Six. It is the number of kids in my family. It is also the number of basketball hoops we have broken during our basement basketball games. Throughout my childhood, my five younger brothers and I have shared extravagant adventures that have helped us to bond as siblings in many ways. With them, I have become both a leader and collaborator, able to confront and solve problems in my family and beyond.
My brothers and I used to spend hours in our basement playing three on three basketball games almost every day. With the score tied 94 to 94 and time about to expire, one of our games was coming down to the wire. Although we were dripping in sweat and looking exhausted, we were thoroughly enjoying every second of the game. My team had possession of the ball, and I stood dribbling it at the top of the key, waiting to make a move.
In a quick burst, I blew past the brother who was guarding me. With eager thoughts of victory in my head, I rose up for a monstrous dunk and slammed the ball through the rim. The two brothers on my team gave a joyous shout of triumph, but as my feet hit the ground, their yells were drowned out by a loud cracking noise. Our sixth basketball hoop plummeted to the ground. I had broken the rim off the backboard.
As I held the rim in my hands, we became quiet, solemnly remembering what our mom said when we had broken the fifth hoop: “You guys are not going to get anymore hoops if you break this one.” My mind raced for a solution to our problem, yet I could think of nothing. That night, my brothers and I sat around a table playing a card game. I was still thinking of a way to fix our dilemma, when, looking at the cards, I had a crazy idea.
The next morning, armed with old cards and duct tape, we went down to the basement. First, I directed one of my brothers to stick some cards in between the rim and the backboard. I knew that with the cards serving as a wedge, the rim would not fall down. Then, as he held the rim in place, I duct-taped the rim back onto the hoop and taped the cards into place. As I examined my makeshift creation, I began to doubt it would hold up. It was ugly and seemingly fragile, but after testing it out, it was more sturdy than I had thought. So right away, my brothers and I began a new game, this time with one new rule: no dunking.

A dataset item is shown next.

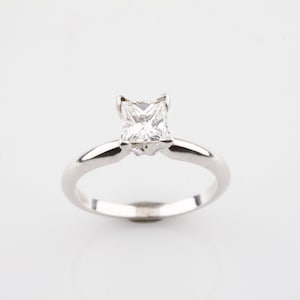 0.71 carat Princess Cut Diamond Solitaire 14k White Gold Engagement Ring Size 5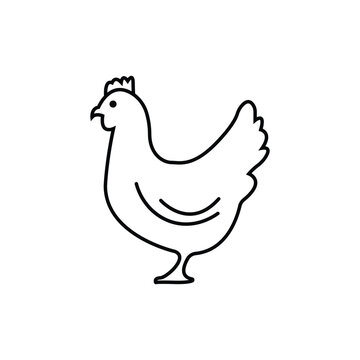 chicken icon. hen symbol. outline vector sign, linear pictogram isolated on white. logo illustration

Along with the number of hoops they have demolished, each of my brothers has contributed to my character in a different way. Micah, the second, has always been nipping at my heels whether in school or sports, and has pushed me to value diligence in everything I do. Trey is the family goofball and has taught me to loosen up and have a lighter side. With studious Joshua, I have cultivated my strategic thinking skills with him acting as a perfect chess opponent. Caleb is our super athlete. In my time of coaching his basketball team, I have come to acquire his tenacity and passion for the game. Silas is the baby and I’ve spent my summer hours tutoring him in reading and basic art lessons. In various ways, I have developed a sentimental bond with each of my brothers while growing in many dimensions.
Through my experiences with my brothers, I believe I have learned to value collaboration, leadership, and relationships. Each of our priceless bonds has contributed to the core of who I am. Wherever my road leads, no matter how far, I do know that the special relationship I share with my brothers will always be there.